Archive for 2006

Project Newman :: The scheduler

August 26th, 2006

Now that we've covered the reporter, the editor and the publisher, we have a functional Newman that can actually post stories. I set up Newman to run in a cron job (ie. at set intervals) to run every three hours, but then it occurred to me that it isn't human behavior to post at 9am, then at 12am, then at 3pm and so on, it just doesn't look real. And if someone were to keep an eye on Newman, they might notice that it always posts at regular intervals, which looks odd. (The point here isn't so much to fool people into believing that Newman is real, it is just to make it so that it seems to exhibit a lot of human qualities.)

So I thought why not add a scheduler to decide when Newman should run. The scheduler runs as a daemon (ie. an application that runs 24/7 in the background, but only does actual work whenever it is called upon). So the scheduler is given a time interval (for instance: 3 hours), and then it generates a random number between 0 and 3 hours. That's when Newman is going to run. And then it goes to sleep until that time. So if I start the scheduler at 10am, give it an interval of three hours, it may decide that Newman should run at 11.45. So then it goes to sleep until 11.45 and then it runs Newman.

newman_scheduler.png

The advantage of this method is also that if the scheduler runs Newman and Newman crashes, it won't make the scheduler crash. So the scheduler will still keep running and will again run Newman at the next interval. I've also made sure that the scheduler waits for Newman to finish, so that if Newman is taking a lot time to complete and the next interval is in 5 minutes, Newman will not be started again until the current execution is finished.

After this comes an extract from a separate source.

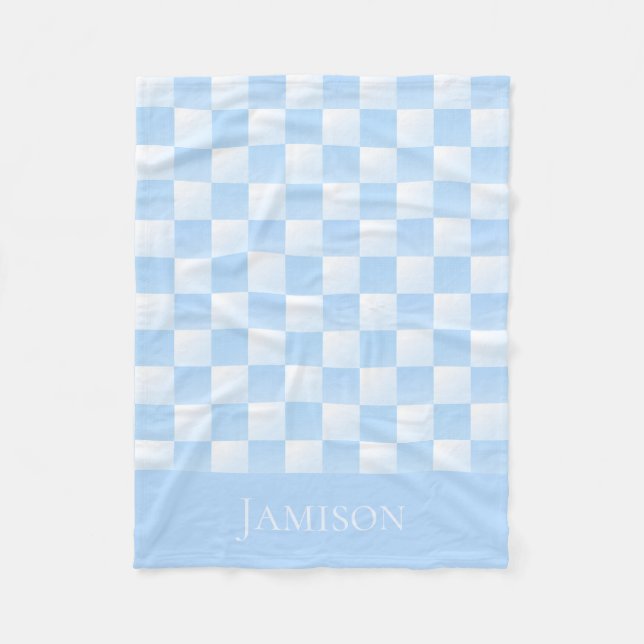 Classic Charming Blue And White Check Customisable Fleece Blanket (Front)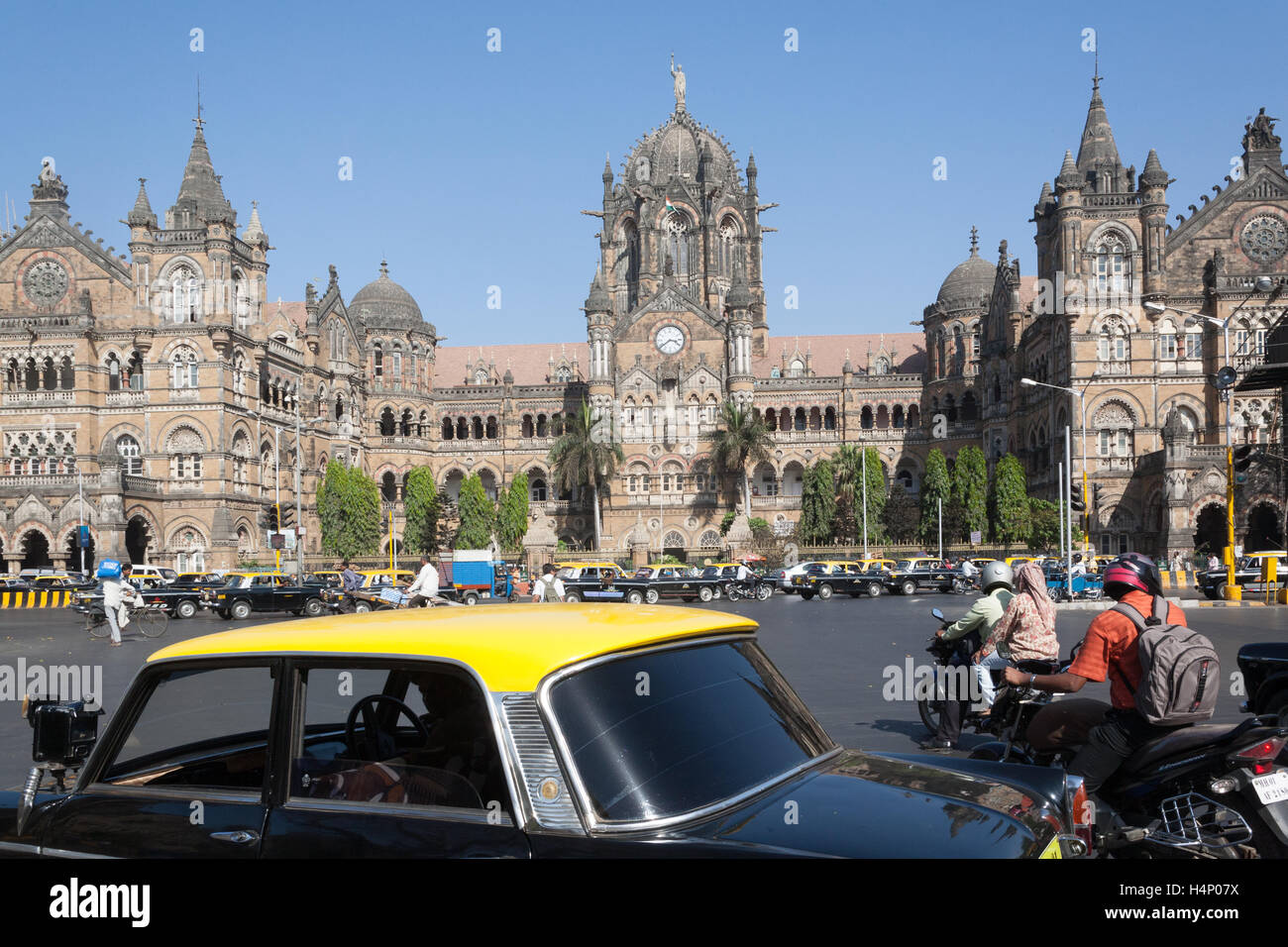 Chhatrapati Shivaji Terminus,CST, aka Victoria Terminus VT, train station,Mumbai,Bombay,Maharashtra,India,South,Asia. Stock Photo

This entry is part of the series Project Newman.

Project Newman :: The publisher

August 25th, 2006

Compared to what we've talked about so far, the publisher is a pretty simple piece of the puzzle. It receives a list of stories, each one assigned to one or more channels, and simply posts them on the selected target, that is Xtratime.org. For this to work, we must first prepare an account on the forum for Newman. Having done that, the publisher will log in the user, open the thread where the story should be posted and simply post it, adding some vBcode formatting to the text. The image below shows what a typical news post looks like.

newman_publisher.png

While Newman posts articles on Xtratime.org, which is a vBulletin forum, it could just as easily post them on any other website, it's just a matter of reading the html code sent to us from the server and submitting html forms with the correct data. I won't bore you with the details. Of course, there is always a chance that the server may drop the connection while the posting is in progress, or the connection may fail in the first place. In these cases, the publisher will report the error, but it will try to post the next story as if nothing happened.

In the event that vBulletin rejects the post for any reason, Newman tries to read this error and report it. It may be that two stories have been posted too close together (vBulletin has a limit for how often posts can occur by the same user), perhaps something else didn't go to plan. In any event, it handles these errors gracefully without crashing.

In early stages of development, I was testing Newman on a test forum I set up, which was protected with a password. Newman can use basic http authentication to access web sites in that way.

This entry is part of the series Project Newman.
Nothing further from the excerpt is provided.